(About this task) Please give back, exactly as written, the lines from the line with "AK MINI CZ mockup" to the line with "Pilcro Cropped Jeans" in the listing below, leaving out all pictures.

(Source records)
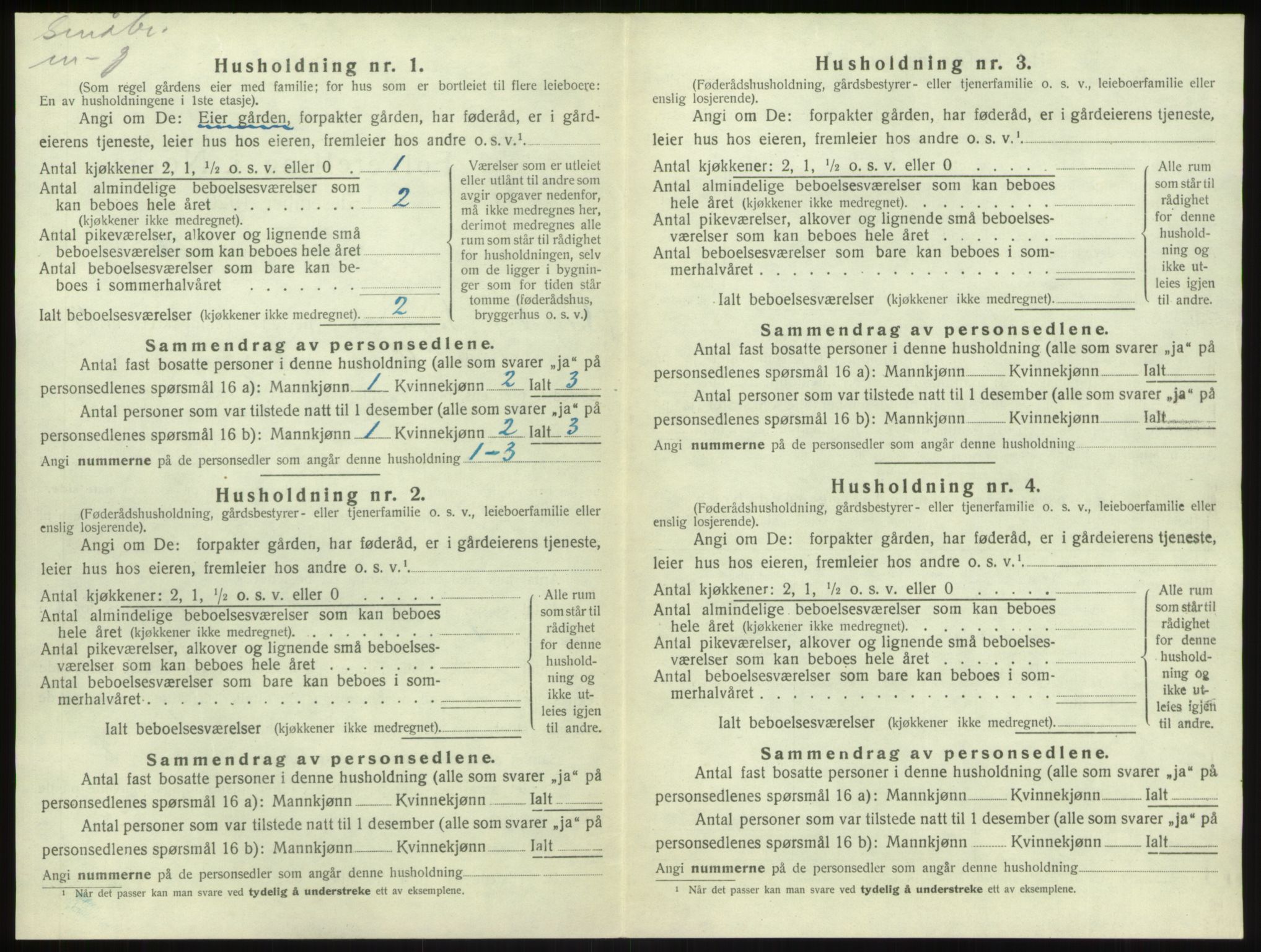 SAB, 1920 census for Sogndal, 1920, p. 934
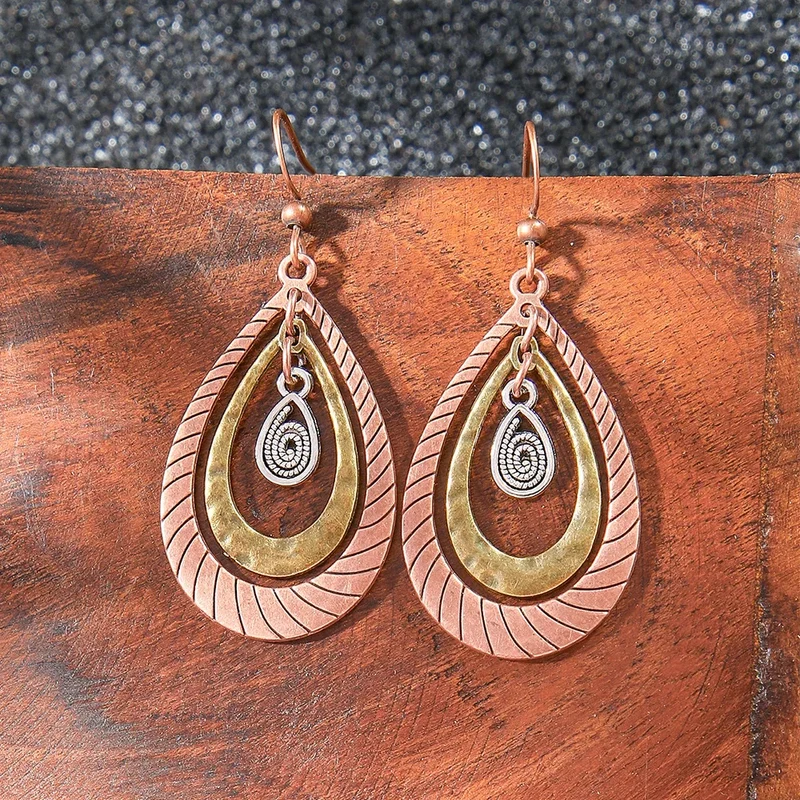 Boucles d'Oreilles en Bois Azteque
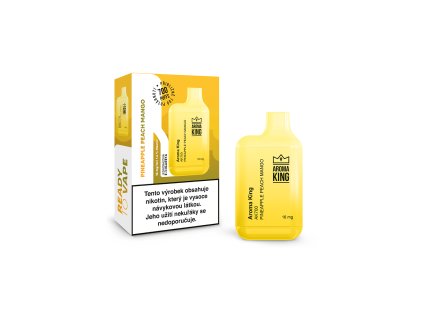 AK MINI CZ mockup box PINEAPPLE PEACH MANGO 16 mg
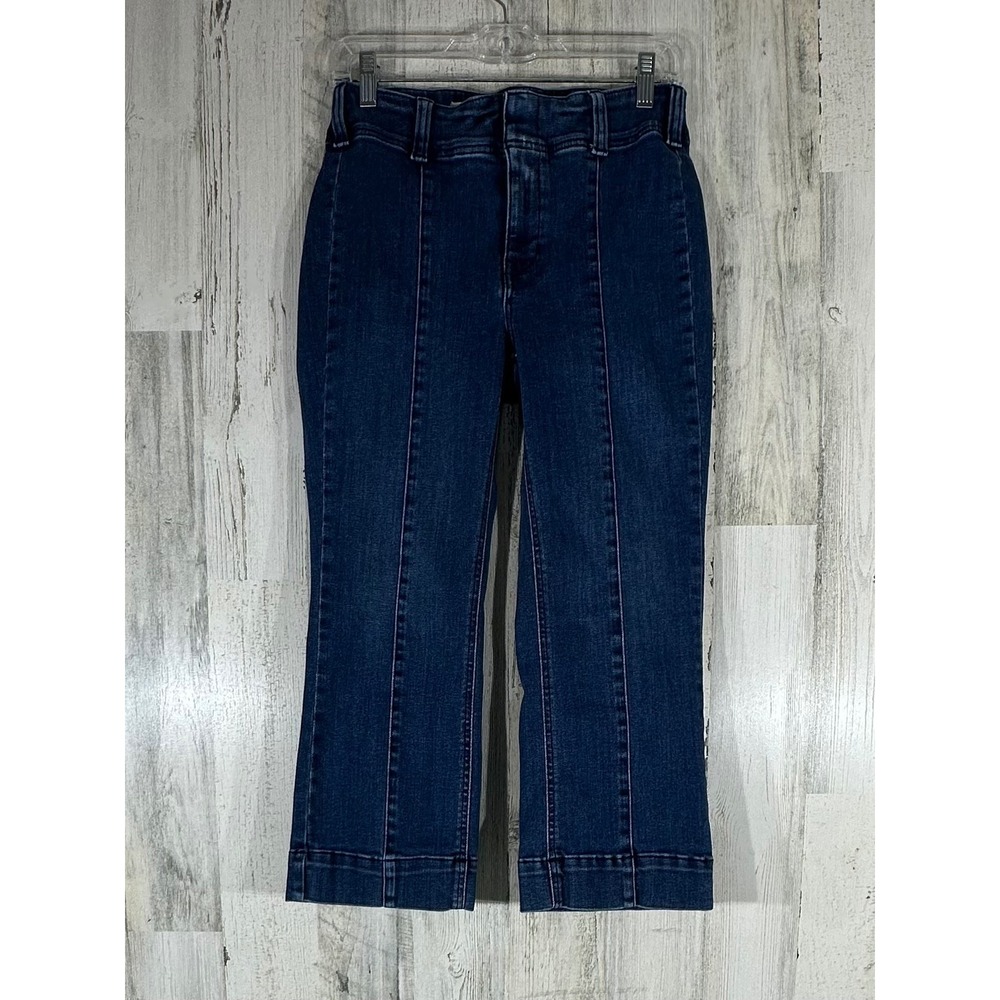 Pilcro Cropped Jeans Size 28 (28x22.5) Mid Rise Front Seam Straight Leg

==

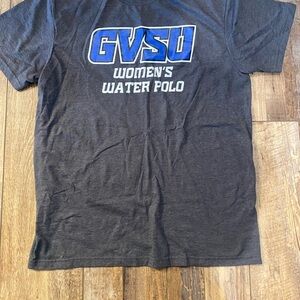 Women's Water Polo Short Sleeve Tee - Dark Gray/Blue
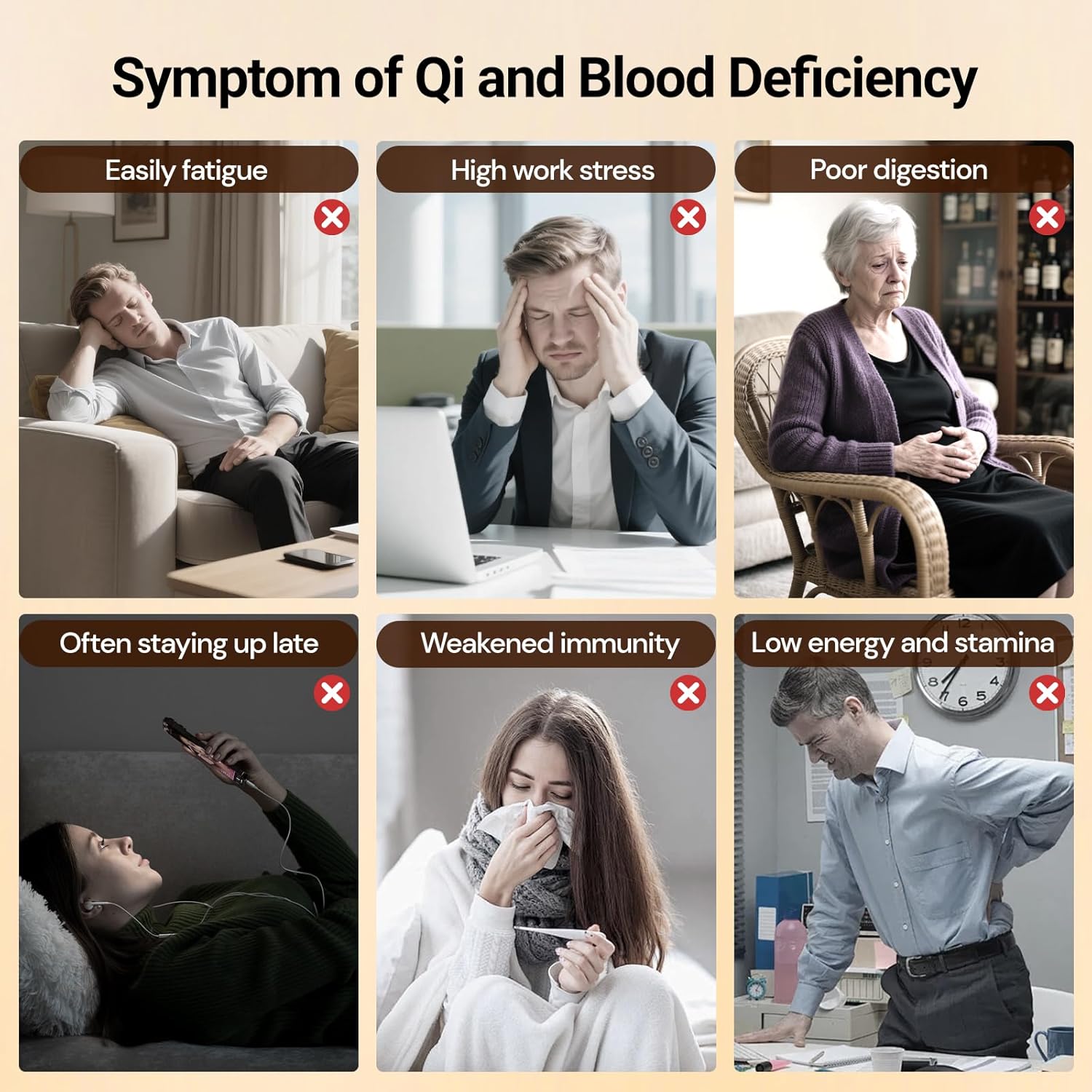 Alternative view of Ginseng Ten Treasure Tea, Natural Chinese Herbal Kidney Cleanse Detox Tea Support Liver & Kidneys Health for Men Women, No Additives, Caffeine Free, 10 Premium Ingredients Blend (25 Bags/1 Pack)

(The answer)
 AK MINI CZ mockup box PINEAPPLE PEACH MANGO 16 mg
 Pilcro Cropped Jeans Size 28 (28x22.5) Mid Rise Front Seam Straight Leg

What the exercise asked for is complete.